Modeus told her tale of survival on Friday as foreign troops and international aid workers rushed 20 tonnes of rice, cereal and vegetables to the submerged village, crushed by the torrential rains and floods that savaged the Caribbean island of Hispaniola and killed an estimated 2,000 people.
PHOTO: EPA
Sinking as the torrent swept her along, Modeus latched onto a tree and climbed out of the water, where she clung to the branches for hours until rescue came toward midday. Her mother and two siblings died, among the 1,000 people officials say were killed in Mapou.
"It's God that saved me. While I was under water, I was saying that I was going to die," she said, nursing a wound on her right arm. "I went into a tree, and I hung onto it, and I climbed it and that's what saved me."
A village of several thousand people in a valley about 40km southeast of Haiti's capital, Mapou remained under water and inaccessible by road on Friday as rescuers sped water, purification tablets and emergency food rations by helicopter to thousands of stranded people.
Witnesses said corpses of victims trapped for days in submerged homes were beginning to float to the surface of the lake that covered Mapou. Only a few rooftops were visible above the water.

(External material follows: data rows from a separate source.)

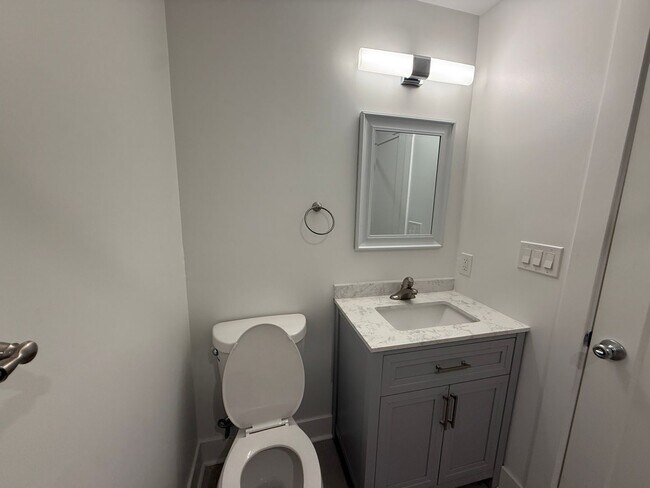 Building Photo - 1259 N 23rd St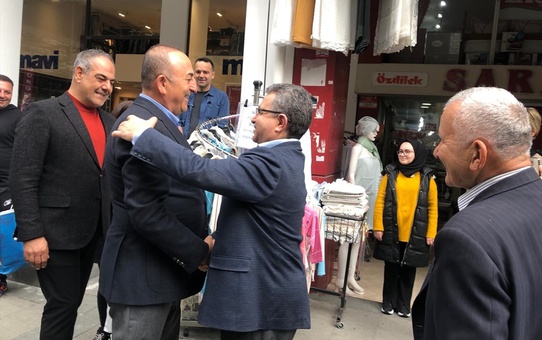 Muratpaşa Belediye Başkan Adayı Özdemir Manavoğlu, esnaf ve kurumlara ziyaretler gerçekleştirdi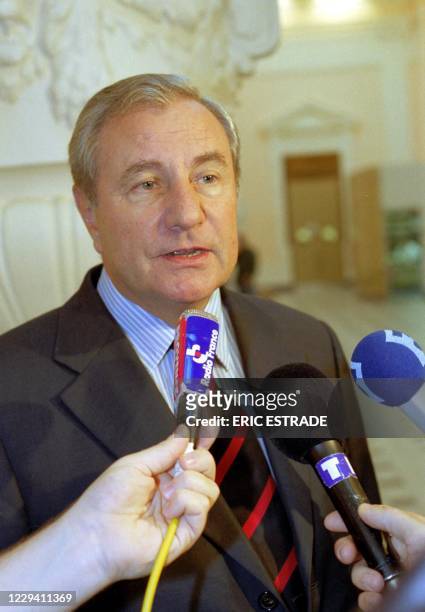 Le maire de Toulon Jean-Marie le Chevalier répond aux journalistes le 03 novembre 2000, au tribunal lors du procès de l'affaire des Jeunesses...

Aid workers say nearly 300 bodies were recovered in Mapou, while a local government official put the death toll at 1,000, with hundreds of bodies trapped under water or buried in mud.
"We are concerned that the death toll could go even beyond 1,000, given the fact there are a lot of bodies either floating on the water or buried under the mud that have not been recovered yet," said Guy Gauvreau, director of the World Food Program in Haiti.

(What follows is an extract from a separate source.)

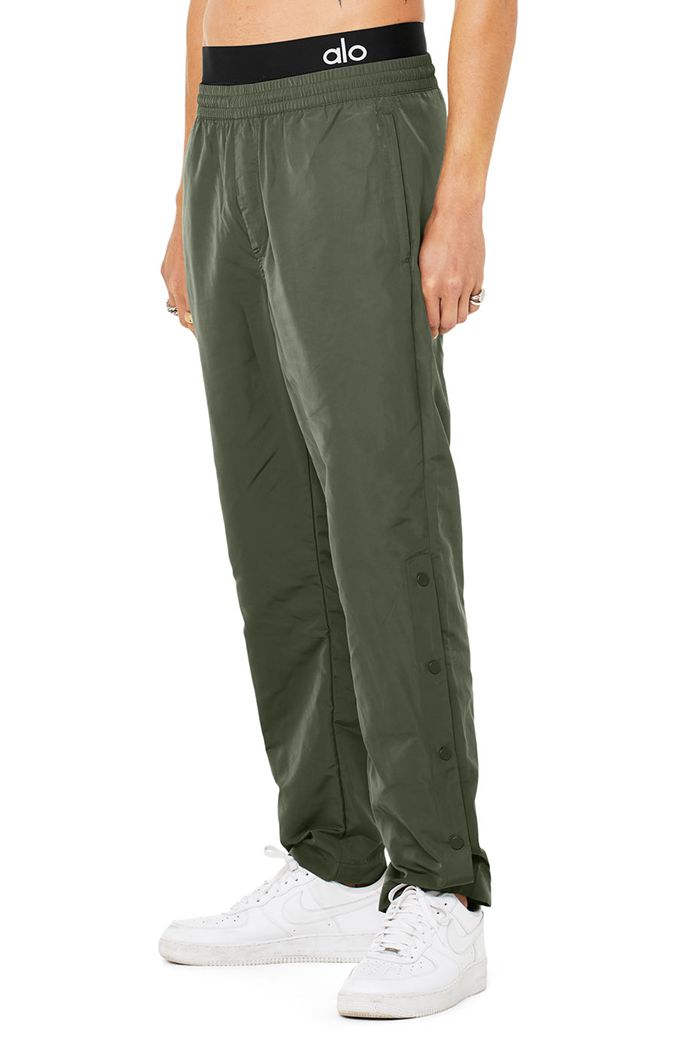 Dark Green Alo Yoga Legend Snap Men's Pants | 72149DSXE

Villagers said survivors clung to the tops of trees or climbed to rooftops, from which they were plucked by men who fashioned a crude rescue raft from a door lashed to two palm tree trunks.
Fedner Salomond, a 39-year-old father of three, said he faced a terrible choice when flood waters rushed into his home in the dark. He had one of his children in his arms but was unable to reach the other two before making a desperate climb to the roof.
"The one in my hands, I had to let go. I could not climb with him, because I was going to die," Salomond said. "It was very sad; my heart was breaking, but I had to make a choice whether both of us died or I was saved."
The death toll in Haiti stood at about 1,800, including the 1,000 reported deaths in Mapou, hundreds more in surrounding villages in the southeast and some 160 in Fond Verettes, a town near the Dominican border. About 350 people were killed in the Dominican Republic, most in the border town of Jimani.
Just three months after a bloody rebellion that ousted its president and government, Haiti was confronting its worst natural disaster in a decade with the help of US, French and other foreign troops originally sent by the UN for security.
Haitians have cut down virtually all of the nation's trees to make charcoal for cooking fuel, leaving the barren land vulnerable to flash floods and mudslides.
Haitian Prime Minister Gerard Latortue announced plans on Friday to tackle the problem.
"The main cause [of deforestation] is that Haitians like to use wood for cooking, as an energy source. We have been doing it for years and now it is impossible to continue," Latortue said at a summit of European, Latin American and Caribbean leaders in the city of Guadalajara.